• **ACTION ITEM**
Give back an exact copy of the lines in the records below, from the line that has "Женские и студенческие" through the line that has "Fearless Car snkmatch", and nothing besides.

• • • • •

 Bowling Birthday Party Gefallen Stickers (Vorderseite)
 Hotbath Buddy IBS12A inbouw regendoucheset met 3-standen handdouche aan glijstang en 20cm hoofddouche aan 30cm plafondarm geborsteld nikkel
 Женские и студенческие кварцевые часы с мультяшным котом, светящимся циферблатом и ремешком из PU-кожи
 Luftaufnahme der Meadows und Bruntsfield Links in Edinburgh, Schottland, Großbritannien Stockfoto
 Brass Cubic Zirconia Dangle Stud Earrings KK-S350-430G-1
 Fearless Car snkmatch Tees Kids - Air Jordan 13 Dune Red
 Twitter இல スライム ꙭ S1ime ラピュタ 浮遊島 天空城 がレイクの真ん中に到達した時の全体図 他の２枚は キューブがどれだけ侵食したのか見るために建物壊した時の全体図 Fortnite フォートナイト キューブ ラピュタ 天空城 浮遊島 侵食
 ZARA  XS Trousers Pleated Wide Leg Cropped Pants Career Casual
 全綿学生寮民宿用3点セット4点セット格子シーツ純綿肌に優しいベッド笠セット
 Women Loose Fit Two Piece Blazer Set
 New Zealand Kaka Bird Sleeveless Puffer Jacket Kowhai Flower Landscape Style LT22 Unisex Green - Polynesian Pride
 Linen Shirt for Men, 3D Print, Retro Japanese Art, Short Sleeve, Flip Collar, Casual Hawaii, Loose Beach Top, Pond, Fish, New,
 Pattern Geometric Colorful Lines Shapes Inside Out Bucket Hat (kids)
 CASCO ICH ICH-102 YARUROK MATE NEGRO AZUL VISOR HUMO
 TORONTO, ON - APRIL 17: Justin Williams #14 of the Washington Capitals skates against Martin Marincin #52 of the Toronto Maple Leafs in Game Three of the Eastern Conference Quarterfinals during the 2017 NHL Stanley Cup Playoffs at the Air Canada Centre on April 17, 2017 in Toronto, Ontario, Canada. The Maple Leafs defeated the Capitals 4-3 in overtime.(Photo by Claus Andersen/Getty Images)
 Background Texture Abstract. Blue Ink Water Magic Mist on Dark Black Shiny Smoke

• • • • •

• **SOLVED EXERCISE**
 Женские и студенческие кварцевые часы с мультяшным котом, светящимся циферблатом и ремешком из PU-кожи
 Luftaufnahme der Meadows und Bruntsfield Links in Edinburgh, Schottland, Großbritannien Stockfoto
 Brass Cubic Zirconia Dangle Stud Earrings KK-S350-430G-1
 Fearless Car snkmatch Tees Kids - Air Jordan 13 Dune Red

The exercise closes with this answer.